DATA605_Discussion Wk12_Multiple Linear Regression
Question
Using R, build a multiple regression model for data that interests you. Include in this model at least one quadratic term, one dichotomous term, and one dichotomous vs. quantitative interaction term. Interpret all coefficients. Conduct residual analysis. Was the linear model appropriate?
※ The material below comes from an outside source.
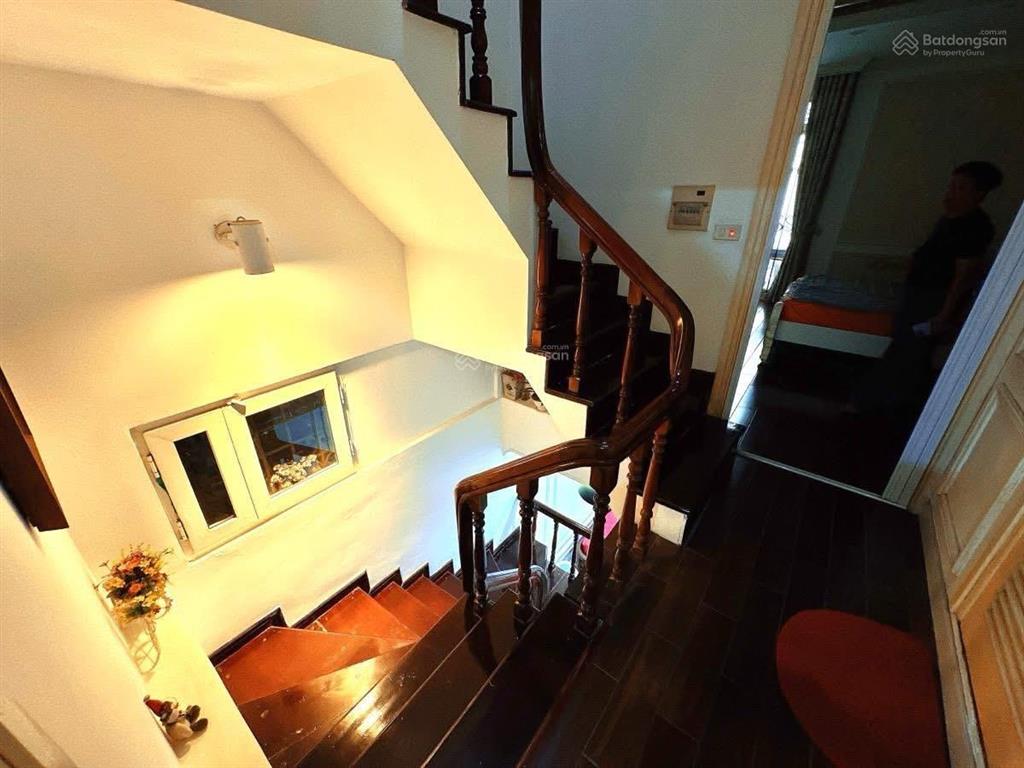 Bán nhà riêng tại phố thái hà, đống đa, oto đỗ cửa, phố vip. nhà đẹp.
Why or why not?
Dataset
Data is from kaggle public datasets and can be found online here: https://www.kaggle.com/mirichoi0218/insurance
library(tidyverse)load and read the Data
url <- "https://raw.githubusercontent.com/omocharly/DATA605/main/insurance.csv"
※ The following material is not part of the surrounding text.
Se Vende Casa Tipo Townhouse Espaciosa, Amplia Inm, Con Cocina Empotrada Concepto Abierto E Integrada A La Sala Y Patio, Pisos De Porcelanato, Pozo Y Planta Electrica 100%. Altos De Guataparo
insurance <- read_csv(url)## Rows: 1338 Columns: 7
## -- Column specification --------------------------------------------------------
## Delimiter: ","
## chr (3): sex, smoker, region
## dbl (4): age, bmi, children, charges
##
## i Use `spec()` to retrieve the full column specification for this data.
## i Specify the column types or set `show_col_types = FALSE` to quiet this message.
Take a glimpse look at the data
glimpse(insurance)## Rows: 1,338
## Columns: 7
## $ age <dbl> 19, 18, 28, 33, 32, 31, 46, 37, 37, 60, 25, 62, 23, 56, 27, 1~
## $ sex <chr> "female", "male", "male", "male", "male", "female", "female",~
## $ bmi <dbl> 27.900, 33.770, 33.000, 22.705, 28.880, 25.740, 33.440, 27.74~
## $ children <dbl> 0, 1, 3, 0, 0, 0, 1, 3, 2, 0, 0, 0, 0, 0, 0, 1, 1, 0, 0, 0, 0~
## $ smoker <chr> "yes", "no", "no", "no", "no", "no", "no", "no", "no", "no", ~
## $ region <chr> "southwest", "southeast", "southeast", "northwest", "northwes~
## $ charges <dbl> 16884.924, 1725.552, 4449.462, 21984.471, 3866.855, 3756.622,~
Model for insurance data
Model for insurance charges using age, bmi and smoker
insurance_model <- lm(data=insurance, charges ~ age + bmi + smoker)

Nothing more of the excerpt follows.